But, echoing Yoda, if prairie is to exist, burn you must.
So, ProfessorRoush, surely you exaggerate? No, I'm afraid I don't. While driving down the road this weekend, I took just a few pictures to illustrate the point. In anticipation of the gnashing of teeth and wails about air quality loss, I'd like to make sure all my readers understand what will result from a complete ban on burning of the prairies. If you don't burn the prairie, after three years or so, you get a view that looks like this:
I've referred before to the colonization of the unburned prairie by Red Cedar (Juniperus virginiana). Red Cedars are dense, slow-growing evergreens that are native to the MidWest and they are quite simply fatal for the prairie grasses and forbs who cannot exist at their dry, sunless feet. Underneath a stand of cedar trees in the Flint Hills is a barren ecosystem; bare, arid dirt without the slightest hint of herbaceous plant or moss. Perhaps there will be a scattering of needles, which themselves raise the pH of the soil, making it more alkaline and the nutrients less available for plants. The Red Cedar has been found to reduce the nitrogen available in prairie soils and, more importantly for those who hope to store excess CO2 from industrialization as soil-bound carbon, have also been found to reduce the carbon content of the soil, in contrast to the deep-rooted grasses that they outcompete.

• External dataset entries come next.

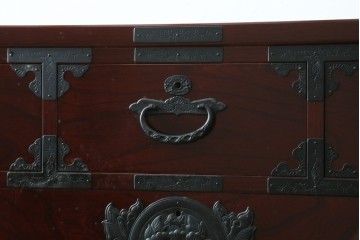 中古　美品　希少な廃番品!!　田中家具　欅(ケヤキ)材　存在感ある飾り金具をあしらった二本松欅箪笥　(R-091210)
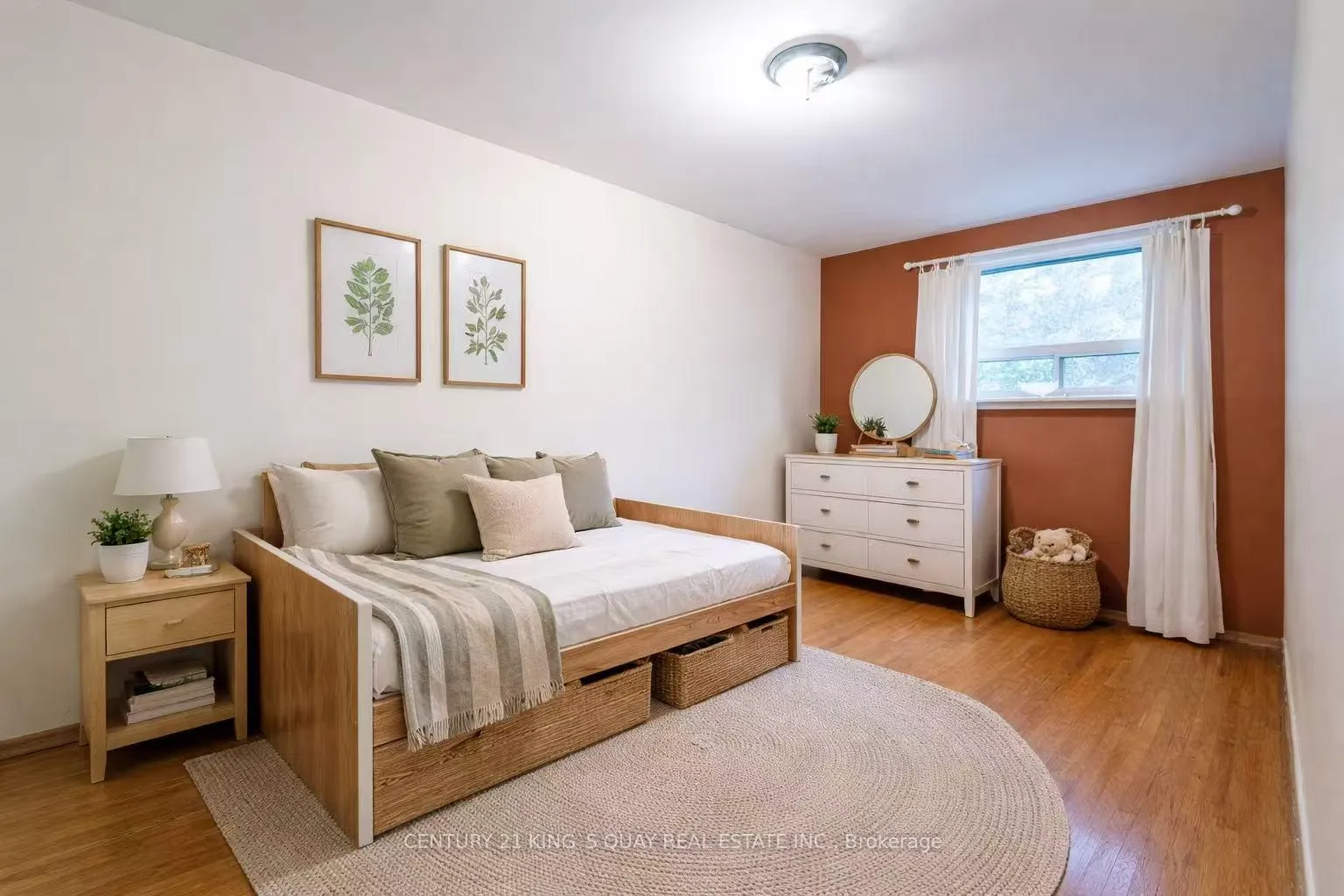 Photo 12 of 7 Ennismore Place, North York, Don Valley Village — HOMEH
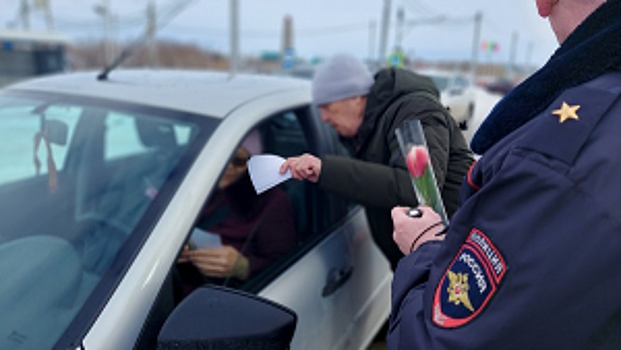 В Самарской области полицейские и общественники подарили «Цветы для автоледи»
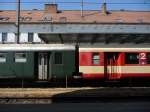 In Krems an der Donau waren am 19.04.09 vier grne und zwei rote Schlierenwagen abgestellt.
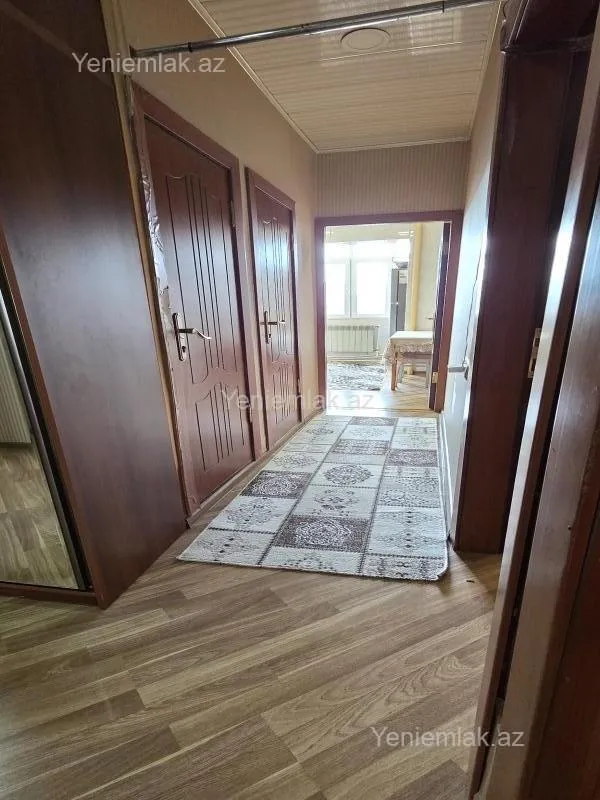 Satılır 4 otaqlı köhnə tikili 95 m²
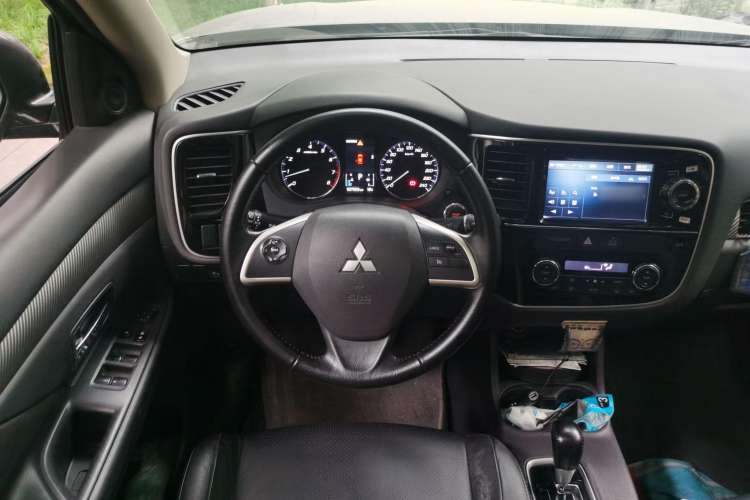 Used Mitsubishi Outlander 2013 2.4L 4x4 Luxury Navigation Edition 5 Seats Steering Wheel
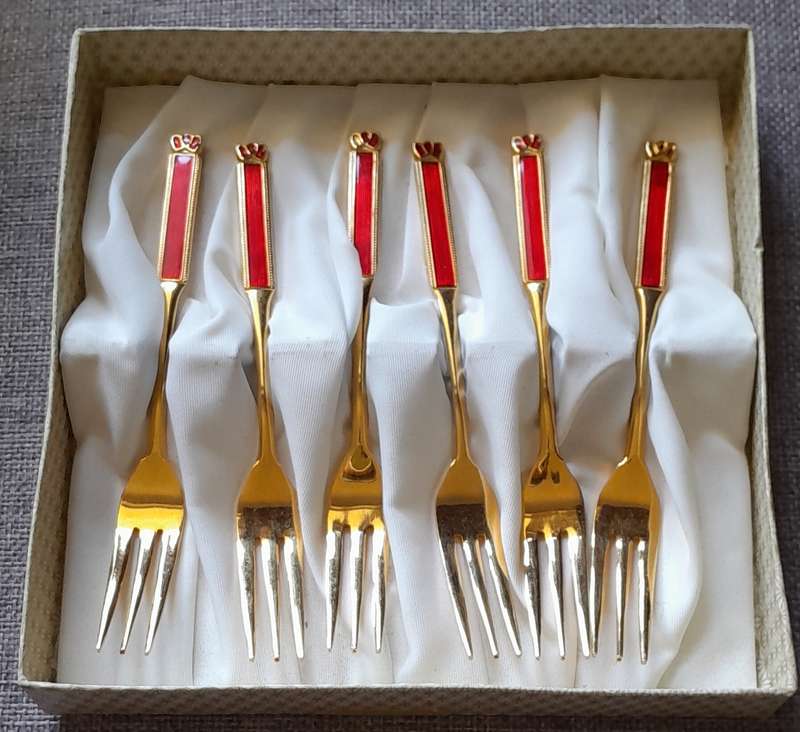 Eetrite Royal Albert set 24k gold plated forks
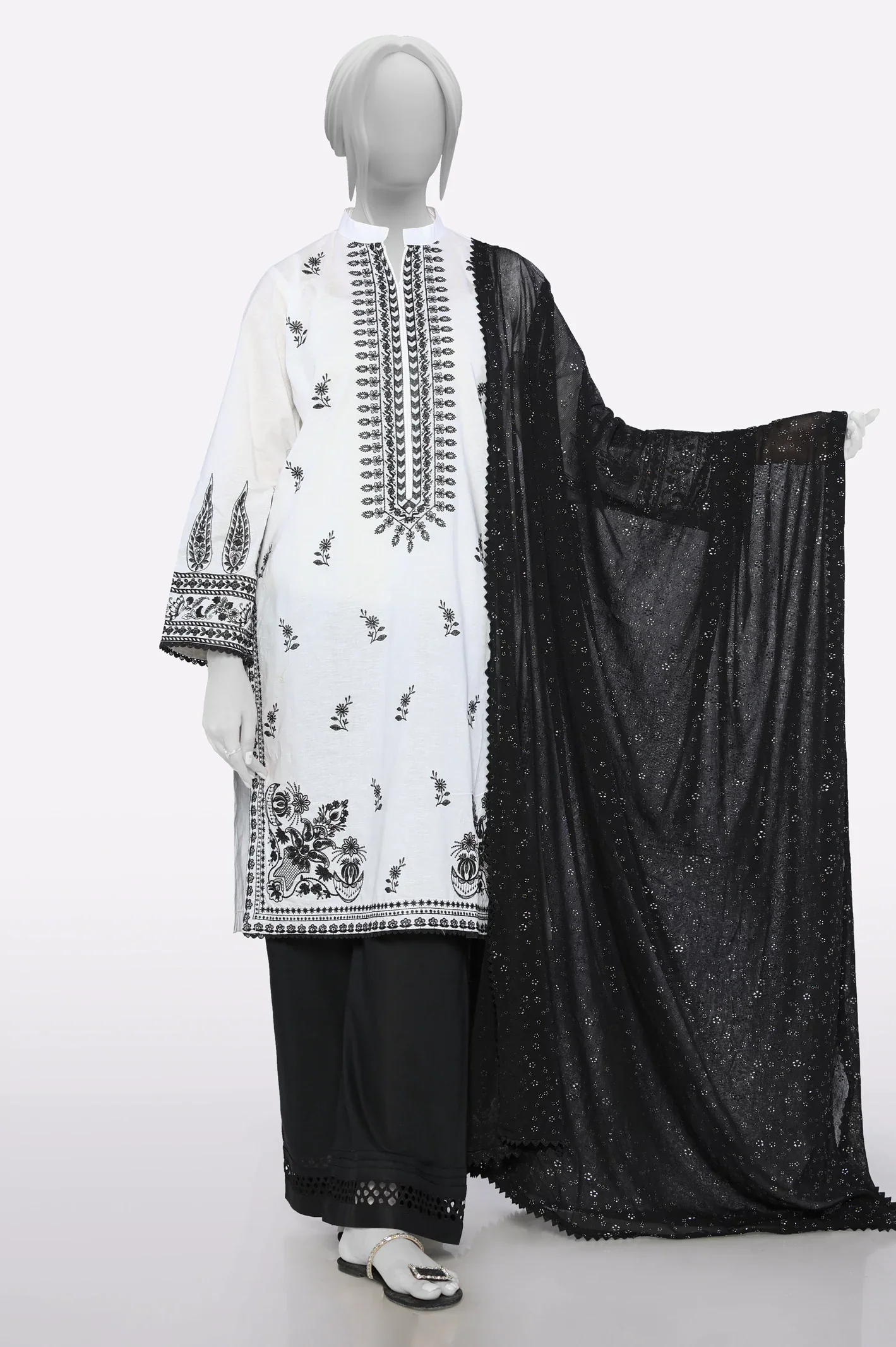 Chiffon Black Plain Dupatta - Image 3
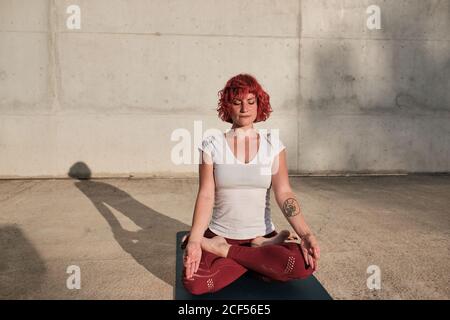 Hand buddha mudra Cut Out Stock Images & Pictures - Alamy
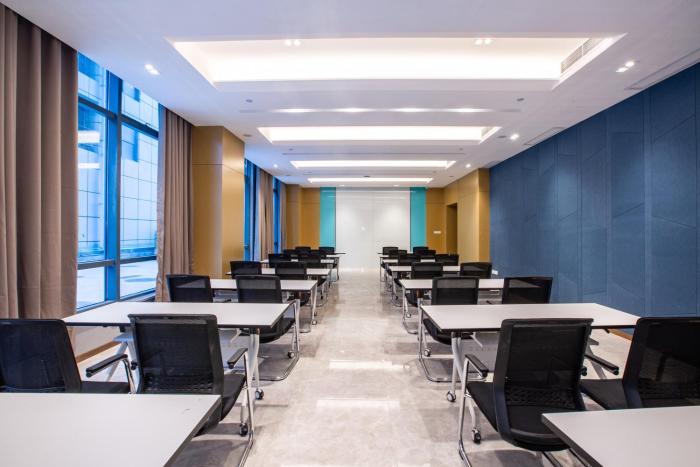 holiday inn express changzhou xinbei an ihg hotel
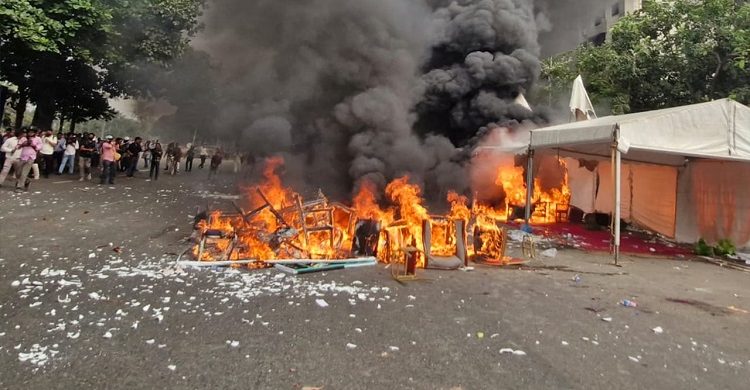 সংসদ এলাকায় ধাওয়া-পাল্টা ধাওয়া, ভাঙচুর, বিস্ফোরণ, জুলাই যোদ্ধাদের মঞ্চ দখল (ভিডিও)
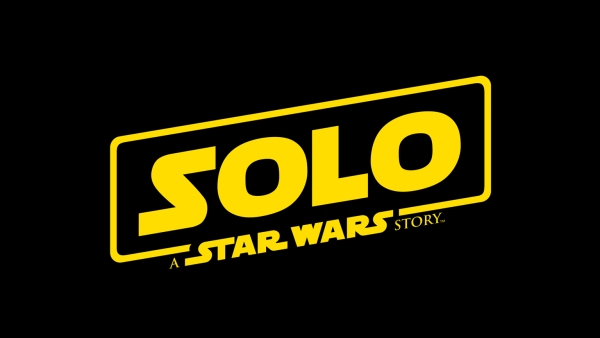<i>Solo- A Star Wars Story</i>„></div><p><b>Original:</b></p>
<p>Lange Zeit stand der nächste, kommende Stand-Alone-Film über den beliebtesten Schmugglerkapitän des Universums im Zeichen des Running Gags, dass er noch immer nicht endgültig betitelt war. Diese Zeit ist nun offiziell vorbei. Ron Howard, welcher vor einiger Zeit den Regieposten übernomen hat, verkündete heute der Welt via Twitter den finalen Filmtitel. Und er hätte kaum einfacher ausfallen können, auch wenn er ohne Zweifel den Nagel auf den Kopf trifft.</p>
<p></p>
<div align=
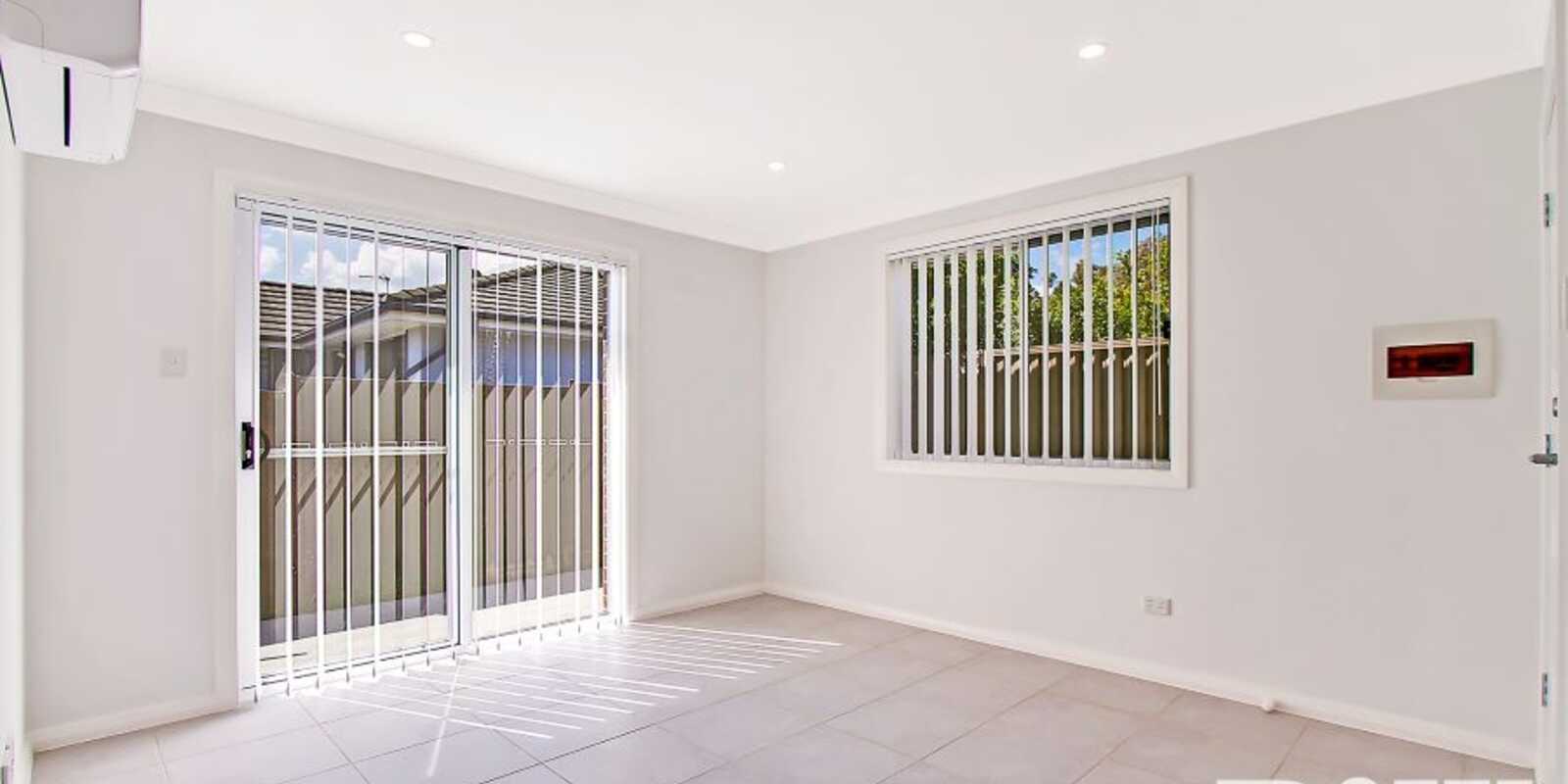 16A Mynah Close St Clair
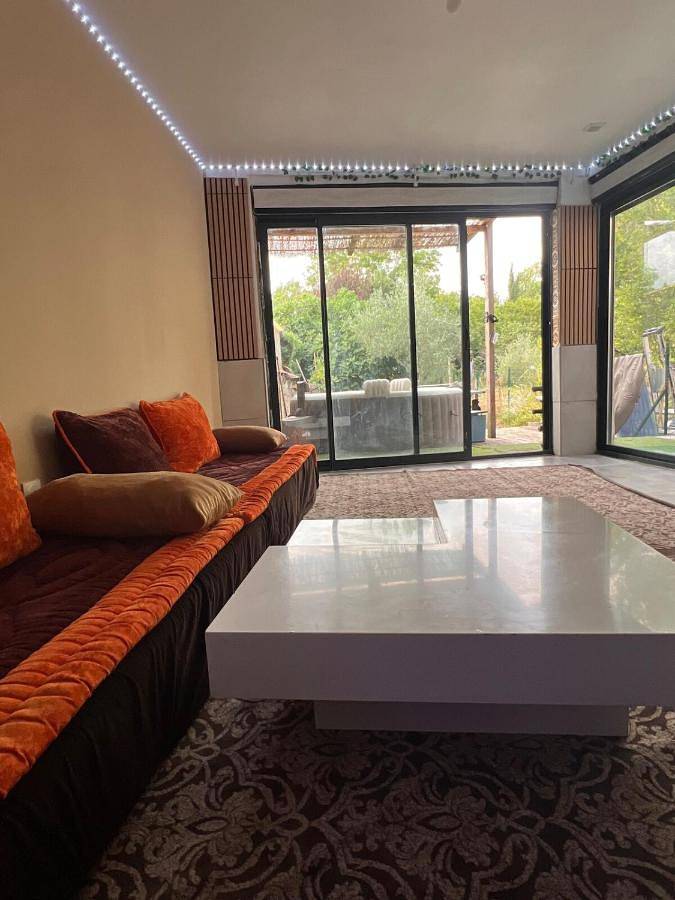 Appartement de vacances pour 4 personnes, avec jacuzzi et terrasse ainsi que piscine et jardin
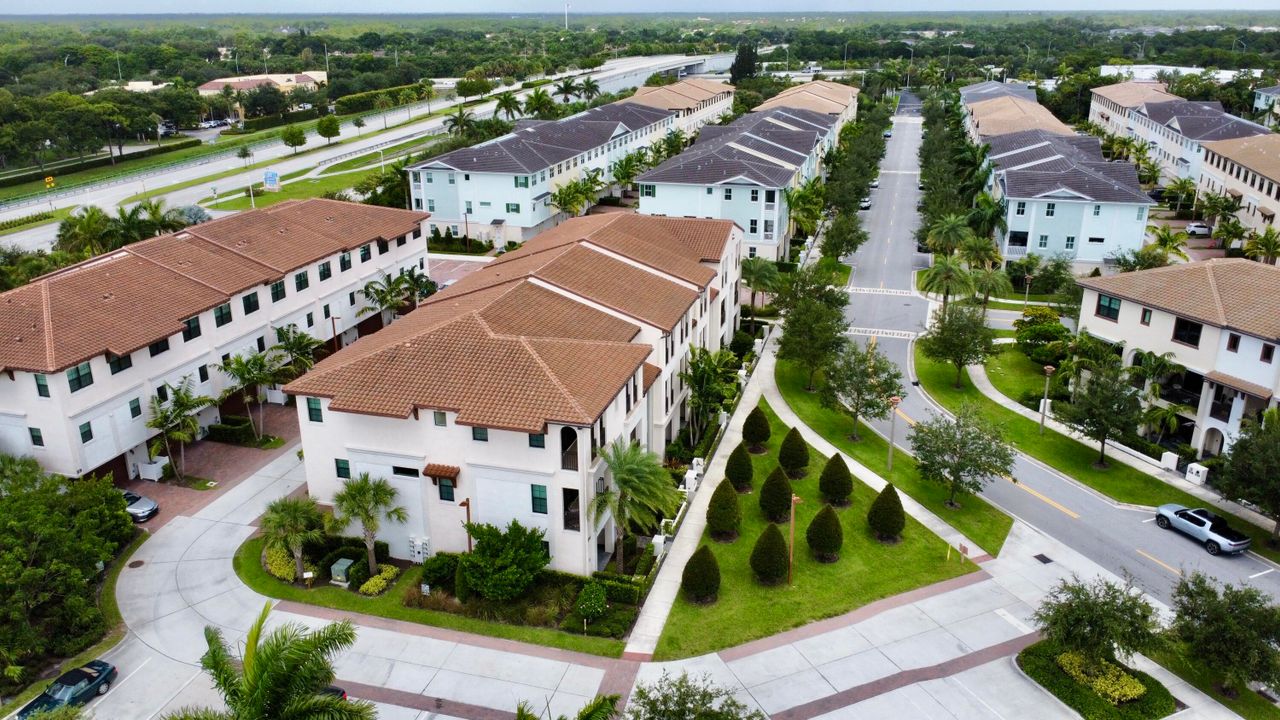 En Venta: $950,000 (4 camas, 3 baños, 2750 Pies cuadrados)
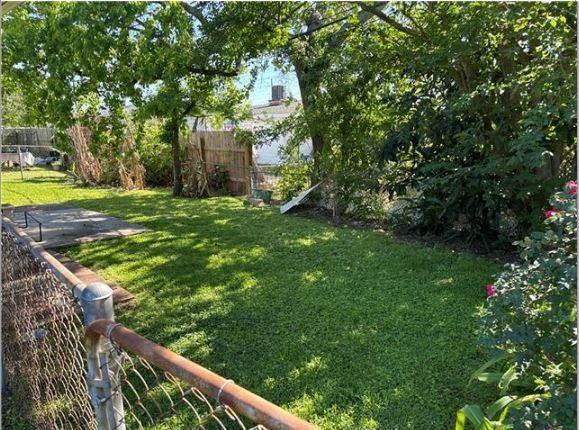 2804 Longwood Dr #C - Photo 3 of 8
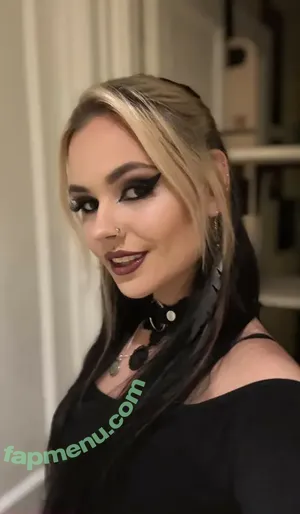 Dogtorizzy nude photo #0014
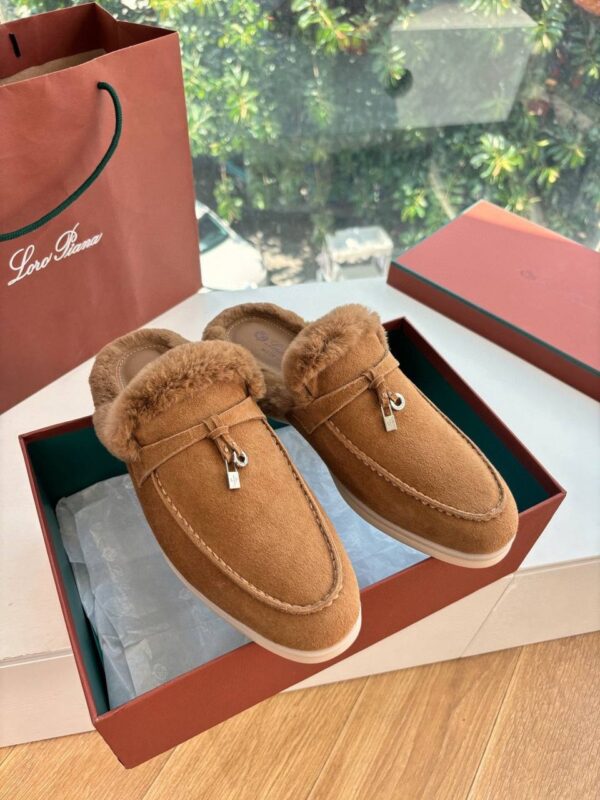 Лоферы без задника с мехом Loro Piana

In ten years without burning, it looks like this, an impenetrable thicket of stiff, worthless weed trees.
If these were California Redwoods, beautiful and pristine, or some useful tree species to man or animals, I might feel differently. But even when they're allowed to grow with plenty of space around them, Red Cedars often aren't very pretty or useful. The lower branches get singed by burns or die off one by one, and sometimes you're just left with a naked trunk and branches, bleached white by the sun, which stand alone for decades before the rot-resistant wood succumbs to wind or weather. And then it lies on the ground for another decade unless removed by man.
So please remember, when you're complaining that the air is a little hazy or smells a little burnt this April, there really is no alternative to burning if we want to keep a prairie.